Re: WAL replay bugs

From: Heikki Linnakangas <hlinnakangas(at)vmware(dot)com>
To: PostgreSQL-development <pgsql-hackers(at)postgresql(dot)org>
Cc: Michael Paquier <michael(dot)paquier(at)gmail(dot)com>
Subject: Re: WAL replay bugs
Date: 2014-04-23 12:43:46
Message-ID: 5357B582.7060707@vmware.com
Views: Raw Message | Whole Thread | Download mbox | Resend email
Thread:
Lists: pgsql-hackers

On 04/17/2014 07:59 PM, Heikki Linnakangas wrote:
> On 04/08/2014 06:41 AM, Michael Paquier wrote:
>> On Tue, Apr 8, 2014 at 3:16 AM, Heikki Linnakangas
>> <hlinnakangas(at)vmware(dot)com> wrote:
>>>
>>> I've been playing with a little hack that records a before and after image
>>> of every page modification that is WAL-logged, and writes the images to a
>>> file along with the LSN of the corresponding WAL record. I set up a
>>> master-standby replication with that hack in place in both servers, and ran
>>> the regression suite.
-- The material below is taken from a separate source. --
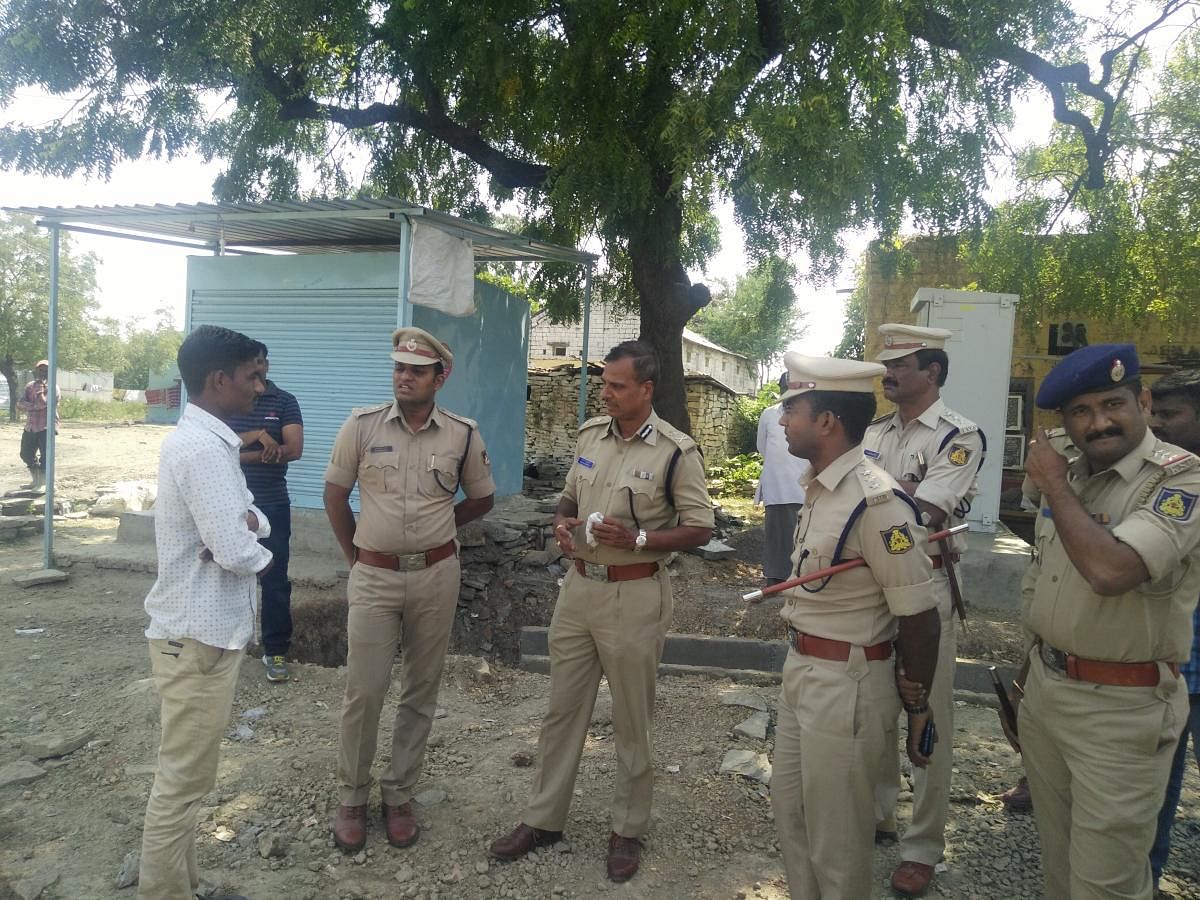 IGP Alok Kumar along with SP N Shashi Kumar and others reviews security at Andola village in Jewargi taluk on Tuesday.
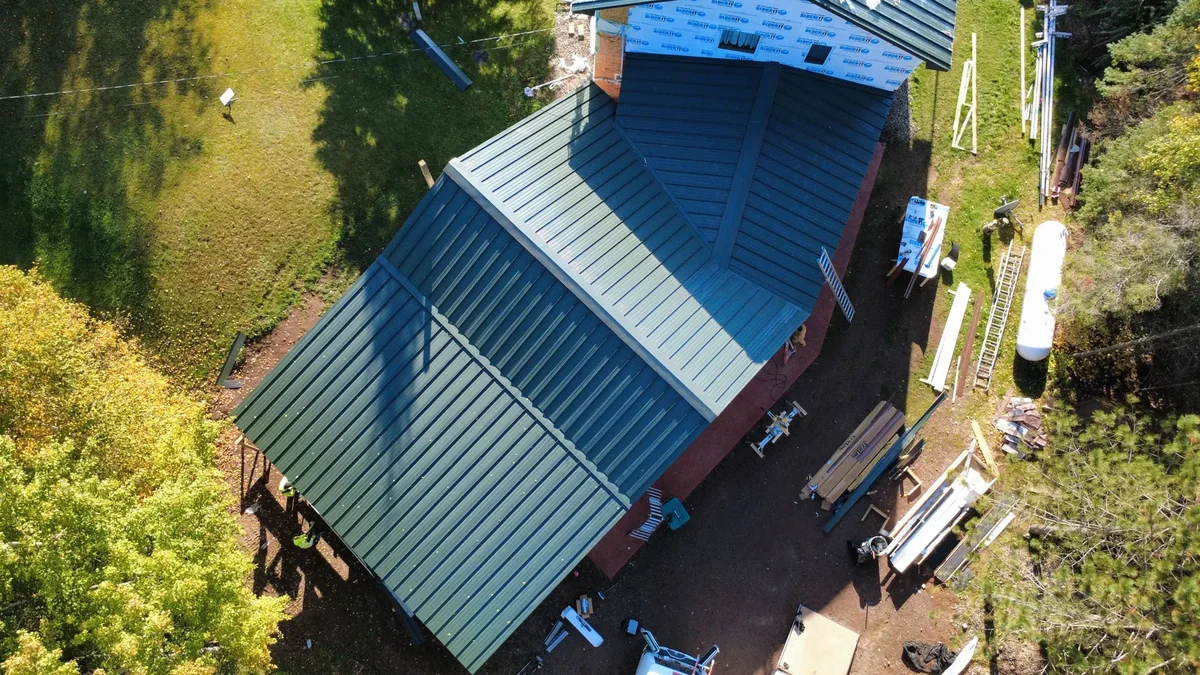 Steep blue metal roof on a forested cabin, its panels running cleanly down to the eaves.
Then I compared the after images after every WAL
>>> record, as written on master, and as replayed by the standby.
>> Assuming that adding some dedicated hooks in the core able to do
>> actions before and after a page modification occur is not *that*
>> costly (well I imagine that it is not acceptable in terms of
>> performance), could it be possible to get that in the shape of a
>> extension that could be used to test WAL record consistency? This may
>> be an idea to think about...
>
> Yeah, working on it. It can live as a patch set if nothing else.
>
> This has been very fruitful, I just committed another fix for a bug I
> found with this earlier today.
>
> There are quite a few things that cause differences between master and
> standby. We have hint bits in many places, unused space that isn't
> zeroed etc.

[a few more fixed bugs later]

Ok, I'm now getting clean output when running the regression suite with
this tool.

And here is the tool itself. It consists of two parts:

1. Modifications to the backend to write the page images
2. A post-processing tool to compare the logged images between master
and standby.

The attached diff contains both parts. The postprocessing tool is in
contrib/page_image_logging. See contrib/page_image_logging/README for
instructions. Let me know if you have any questions or need further help
running the tool.

I've also pushed this to my git repository at
git://git.postgresql.org/git/users/heikki/postgres.git, branch
"page_image_logging". I intend to keep it up-to-date with current master.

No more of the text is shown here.